At June 30, 2007 the Company had $15.3 million outstanding on its revolving $20 million credit facility; interest at bank prime minus between 0 and 25 basis points or LIBOR plus between 87.5 and 175 basis points. The Company is also required to pay a commitment fee of between 0.125% and 0.30% on the unused portion of the line limit borrowing availability for the previous quarter. The Company may allocate up to $0.5 million of its availability for the issuance of new letters of credit. At June 30, 2007, the Company had available $4.7 million on the facility. This credit facility is collateralized by accounts receivable and inventory. The Company believes it will be compliant in the future with all the new credit facility covenants.

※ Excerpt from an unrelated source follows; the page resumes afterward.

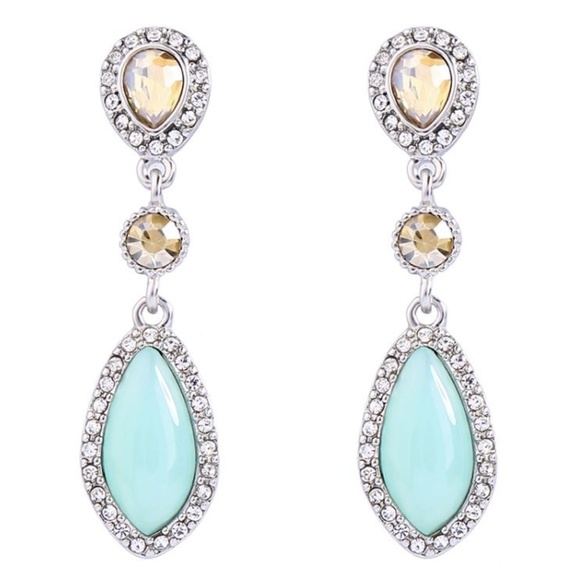 Seabreeze Dangle Earrings - Picture 2 of 7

On July 25, 2007, the Company increased its existing revolving line of credit from a $20 million credit facility to a $25 million credit facility. All other terms and provisions of the existing credit agreement remain in full force and effect.

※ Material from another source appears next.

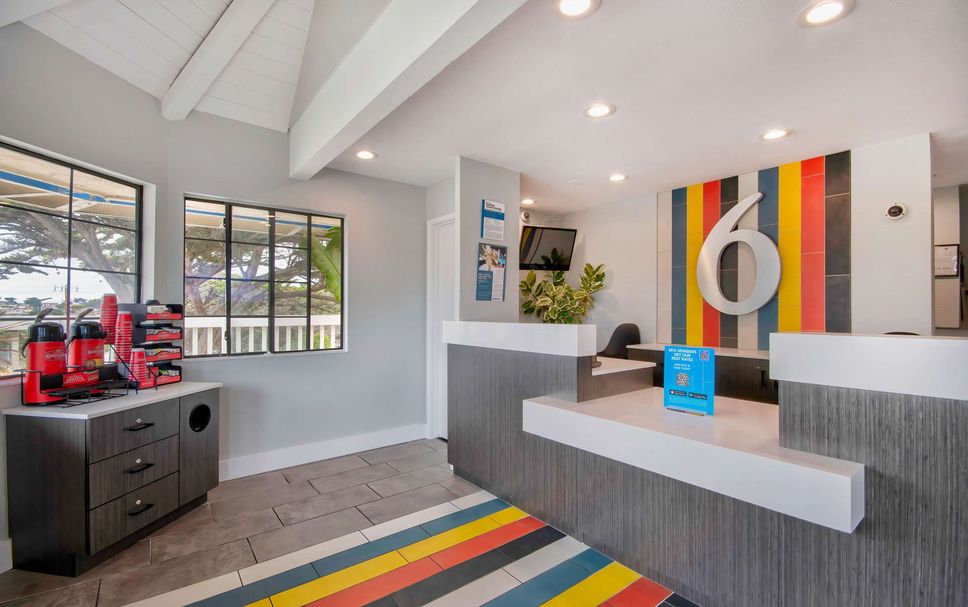 프론트 데스크 사진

12) New Accounting Pronouncements
In September 2006, the FASB issued SFAS No. 157, Fair Value Measurements. This statement establishes a framework for measuring fair value in generally accepted accounting principles (GAAP), clarifies the definition of fair value within that framework, and expands disclosures about the use of fair value measurement. SFAS No. 157 is effective for fiscal years beginning after November 15, 2007. It will be effective for the Company in fiscal 2008 and interim periods within that fiscal year. The Company is in the process of determining the effect the adoption of SFAS No. 157 will have, if any, on our consolidated financial statements.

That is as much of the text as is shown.